Gay Hannah, NCCA Executive Director echoed his views when she expressed the societal goal, and professional need, to shift from loss to the “dynamic potential of aging. “ Susan Perlstein, MSW and founder of NCCA, remarked, “Older people are the keepers of the culture,” amply demonstrating one key value that seniors bring to the table, and a challenge for science to continue its focus on the quality of long-life. The tone for the day was set.

Being a respondent during the very first session on the research track, gave me, and all in attendance, a state-of-the-science overview. And for those inclined, the research track continued throughout the day with various presentations of the science so necessary as the foundation for building other kinds of programming.

While we intuitively know that theater classes, modern dance and memoir writing programs provide cognitive stimulation, it is nonetheless necessary to have proof through double-blind experiments and longitudinal studies in order to provide the rationale for adoption by managers of senior centers, assisted living programs and other organizations that require funding for creativity platforms that work.
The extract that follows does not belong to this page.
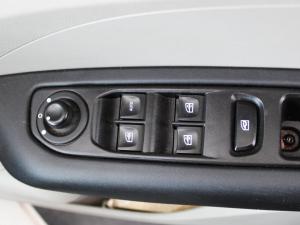 Renault Triber 1.0 Prestige auto - Image 11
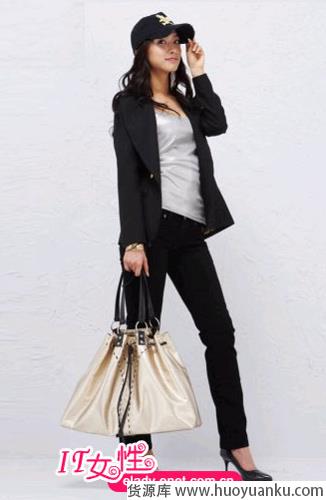 提升成熟高贵气质的黑色调搭配-第11张图片-货源库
There was no shortage of experimental designs. One afternoon program featured the NIH sponsored, 5-year study taking place at the University of California San Francisco, under the supervision of Julene Johnson, Ph.D., where seniors commit to being in a chorus for a year. On the same program Samira Anderson, Ph.D., discussed how “music training helps hearing and memory.”

Many of the presentations were primarily creativity/arts based and fun not only for participants back home where the classes are based, but also for conference attendees who got to experience some hands-on, tactile activities. It’s ironic that with dementia some inhibition fades so that even those who were afraid to pursue the arts when they were younger may now be willing to give it a try —something for everyone. No one gets left out!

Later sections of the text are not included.